TASK TO COMPLETE: The listing below begins with the first line you should copy; stop after the line containing "If you enjoyed", and drop every picture.

STORED DATA:
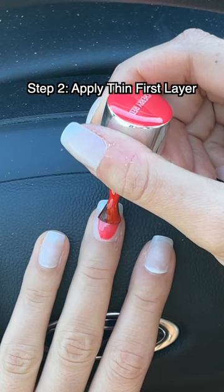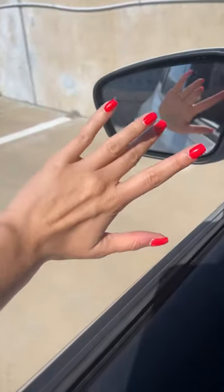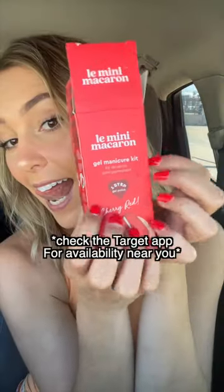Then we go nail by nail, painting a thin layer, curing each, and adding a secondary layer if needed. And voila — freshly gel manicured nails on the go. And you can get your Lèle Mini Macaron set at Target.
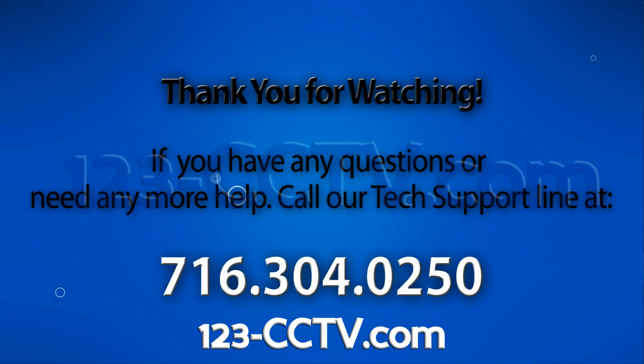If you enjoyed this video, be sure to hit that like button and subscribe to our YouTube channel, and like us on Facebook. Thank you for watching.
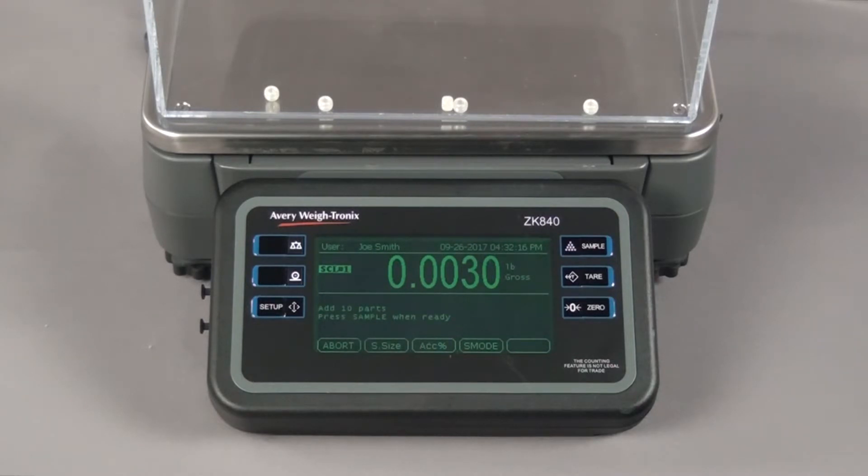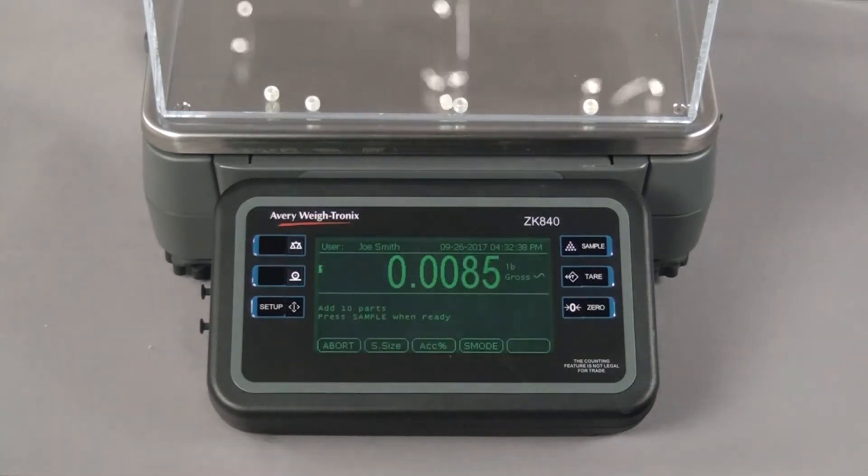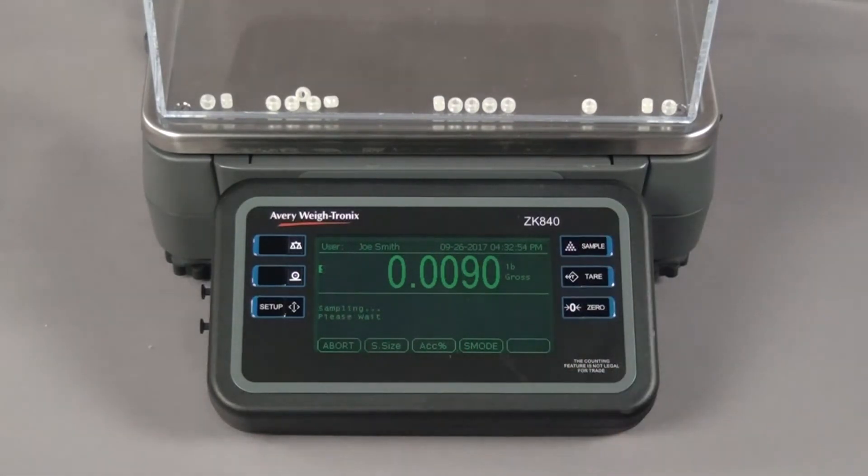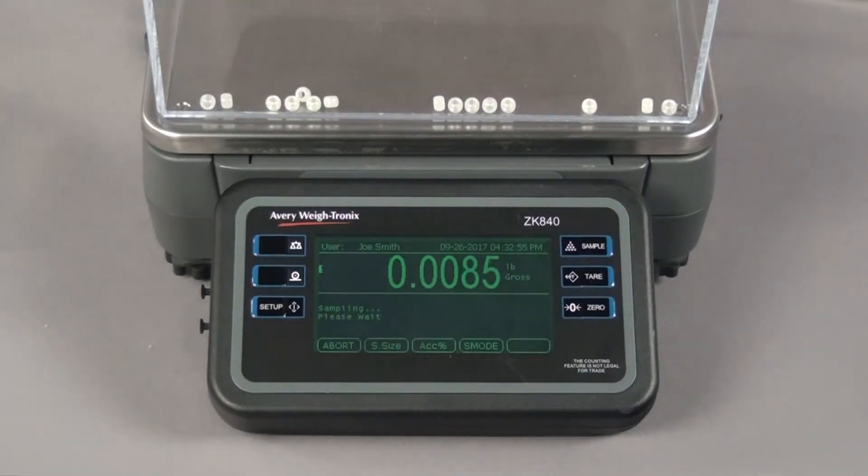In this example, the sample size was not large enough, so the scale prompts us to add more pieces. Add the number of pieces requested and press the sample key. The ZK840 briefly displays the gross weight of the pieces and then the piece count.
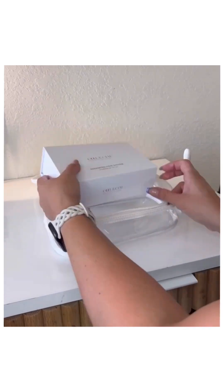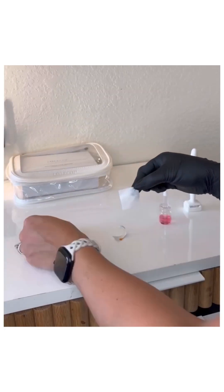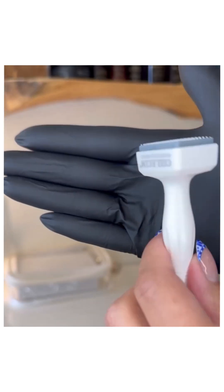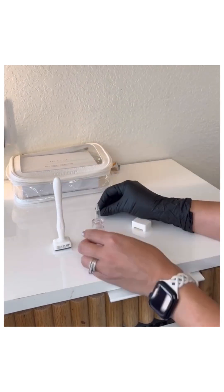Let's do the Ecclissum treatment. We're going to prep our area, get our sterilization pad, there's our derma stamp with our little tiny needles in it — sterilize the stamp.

EXPECTED ANSWER:
Then we go nail by nail, painting a thin layer, curing each, and adding a secondary layer if needed. And voila — freshly gel manicured nails on the go. And you can get your Lèle Mini Macaron set at Target.
If you enjoyed this video, be sure to hit that like button and subscribe to our YouTube channel, and like us on Facebook. Thank you for watching.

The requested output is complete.